NELLY KORDA: Honestly, absolutely amazing. Jess has been on tour since 2011, so I've seen kind of her dominance at the beginning. I think she's super resilient. I know golf and sports, there are so many ups and downs and she's always bounced back.

I would think that she's super resilient and hard working and super dedicated, and I definitely wish it upon her to be in the Hall of Fame.

Q. Is that a goal of yours?

NELLY KORDA: I don't think I ever think of that actually. As I said, I just think of everything in my present time and just take it one week at a time. If I get there, then great, but that's not something that I think that I put on my goal sheet.

As I said, I think small goals then eventually lead to your bigger goals.

Q. Nelly, you mentioned Lydia being one of your closer friends on tour. How did that friendship start? Do you remember your first interactions and how has this friendship grown over the years?

NELLY KORDA: Actually, I don't really remember the first time that we actually talked, but Jess and her were really good friends as well back when Jess was still playing week in, week out. I kind of -- it was funny, we always said like her friends were my friends. They kind of adopted me.

So everyone out here back then when I first got on tour was super nice in accepting me, adopting me to the friend group. Lyds was one of them.

Q. And you talked about wanting some of your wins in the future to be a little less interesting; ten wins, No. 1 in the world. What parts of your game do you look at that you need to improve to make some of those wins a little less interesting going forward?

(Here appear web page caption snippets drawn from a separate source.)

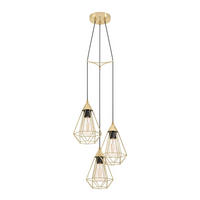 HÄNGLAMPA 35,5/130 cm  - mässingsfärgad, Design, metall (35,5/130cm) - Eglo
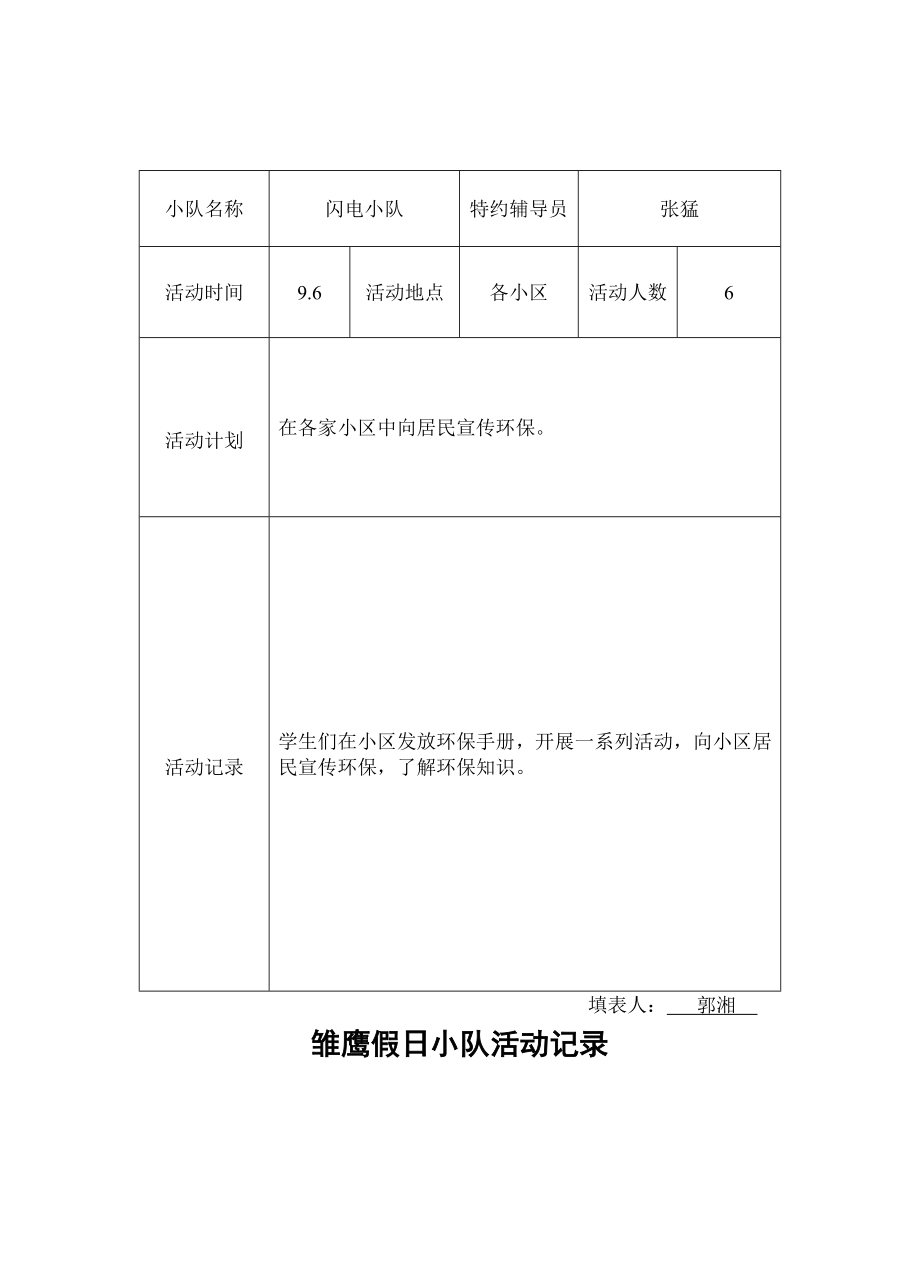 雏鹰假日小队活动记录(空).doc_第2页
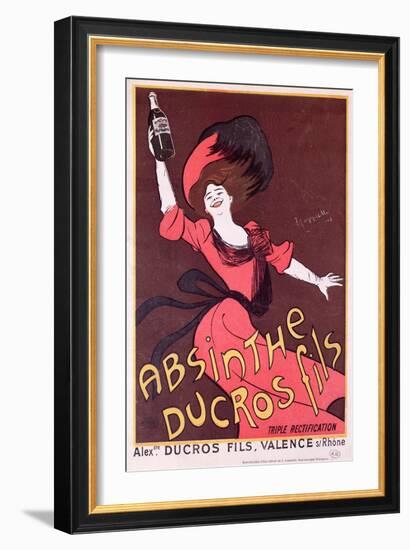 Advertisement for 'Absinthe Ducros Fils', 1901-Leonetto Cappiello-Framed Giclee Print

NELLY KORDA: I think every part of your game. I feel like every single time you play under pressure you learn more about yourself and the way you handle it.

Obviously my last two wins were a little dramatic in a sense. Then again, I wasn't in that position for a really long time lifting the trophy, so when you're not in contention and going through injuries and such, I think you kind of forget how to handle yourself during those situations.

I think that's the main thing that I learned when I'm in contention is how to handle myself and how to calm myself and how to, you know, just take that moment on.

Q. I'm curious, there is talk of a mixed event coming to the Olympics. Is that something you thought about, and how do you feel a mixed event on a stage like the Olympics could help the game?

NELLY KORDA: Yeah, definitely heard about it. I think I read about it mainly on social. I think it would be really good for the game of golf. I don't know how logistically they would handle it. I would say since the Olympics happens every four years you don't want it to be just like a regular event in a sense. You want it to be something different.

So I think that would be really fun, if there would be a team aspect involved as well as the individual.

Q. Would you want the Olympic golf experience to be just a team event or do you like the individual and the team event?

NELLY KORDA: No, I don't want to take away from the individual part of it. I think it would be fun to add in a team event. Again, I don't know how they would logistically do it because that would be a lot of golf, but I think it would be fun.

Q. Last one on this: If it did happen, wouldn't this time, but '28 at Riviera. That might be a cool place for a lot of Americans to debut that. Have you played Riviera? If that were to happen -- what do you know about Riviera?

NELLY KORDA: I've never played Riv. Yeah, actually been on grounds only once for a practice round back in I think 2022.

Q. My question is: In a round where no matter what you do nothing is going your way, what do you normally do mentally to compose yourself and relax?

NELLY KORDA: When nothing is going my way, so I would say that I would say it is what it is and I'm going to try to make the most of it. Sometimes that moment will try to swallow you. I would say the best thing that you can do is just to stay calm and know that there is more golf to be played, that this is not your last opportunity.

Because you're going to have ups and downs and you just can't have that moment swallow you.